# Items from a dataset
══════
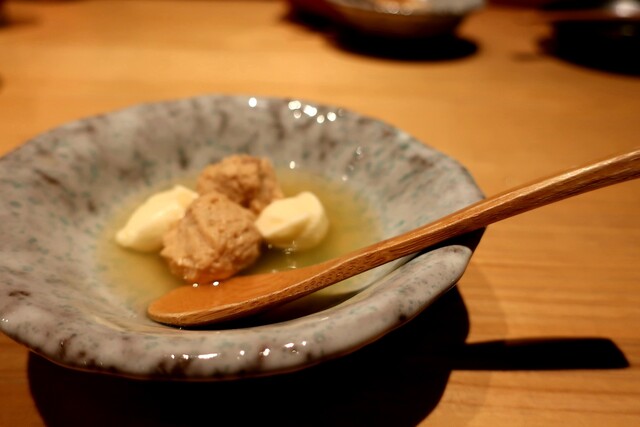 みやざき地頭鶏炭火焼 Kutsurogi 三四郎 くつろぎ さんしろう 宮崎 居酒屋 食べログ みやざき地頭鶏炭火焼 Kutsurogi 三四郎 くつろぎ さんしろう 宮崎 居酒屋 食べログ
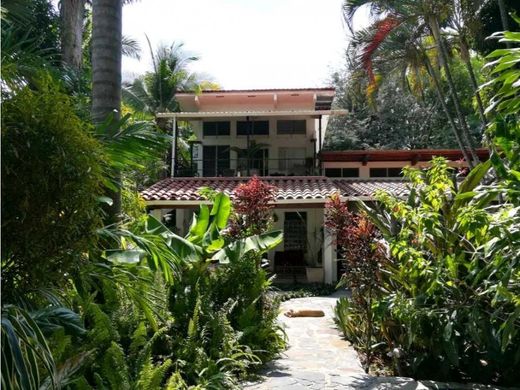 Casa di lusso a Río Hato, Distrito de Antón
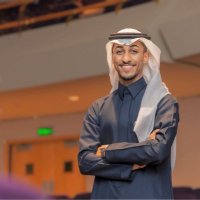 Ziad A Almas (@drziadalmas) Twitter profile photo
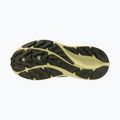 Laufschuhe für Damen Mizuno Neo Lumina sea spray/mentholated/beechnut 4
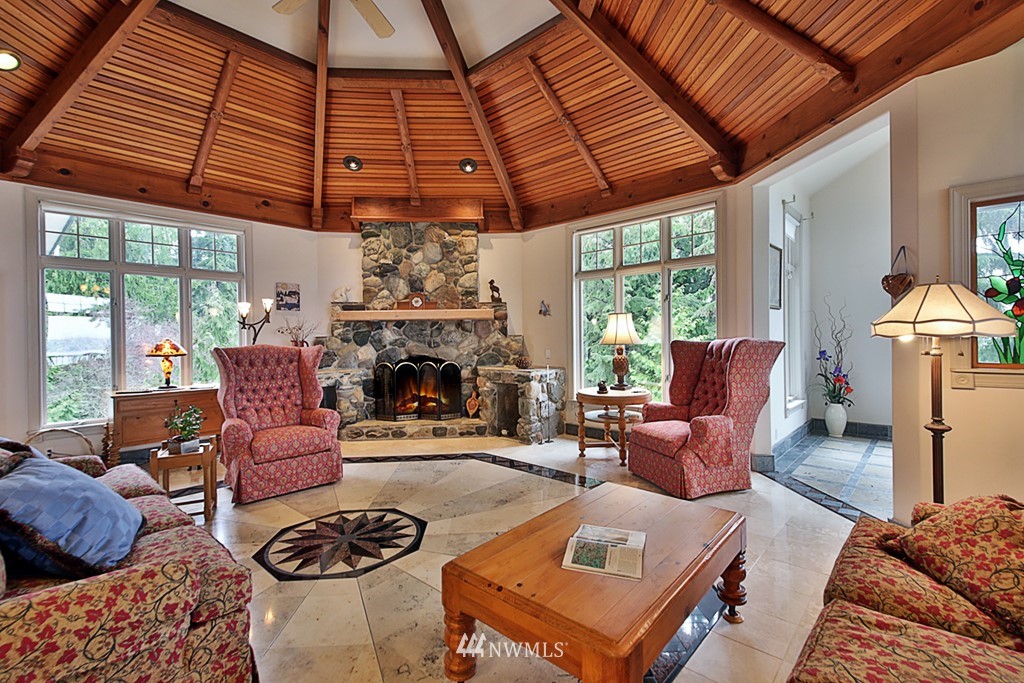 3261 Fox Spit Road Langley, WA 98260 - Photo 6 of 22 Gallery Image 6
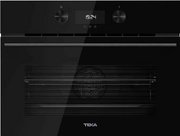 Духовой шкаф Teka HLC 8440 C FULL BLACK Духовой шкаф Teka HLC 8440 C FULL BLACK
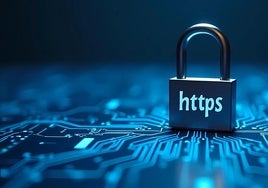 ¿Cuáles son los navegadores web más seguros?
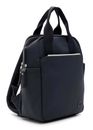 SURI FREY Besty Backpack Blue SURI FREY Besty Backpack Blue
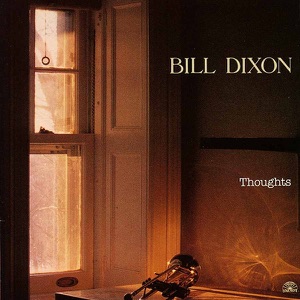 Cover of Thoughts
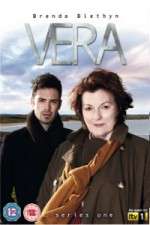 Watch Vera Xmovies8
══════
Could you set down nothing but the lines from the one containing "web más seguros?" through the last line of the records above, both ends included, exactly as given and free of pictures?

# EXERCISE SOLUTION
 ¿Cuáles son los navegadores web más seguros?
 SURI FREY Besty Backpack Blue SURI FREY Besty Backpack Blue
 Cover of Thoughts
 Watch Vera Xmovies8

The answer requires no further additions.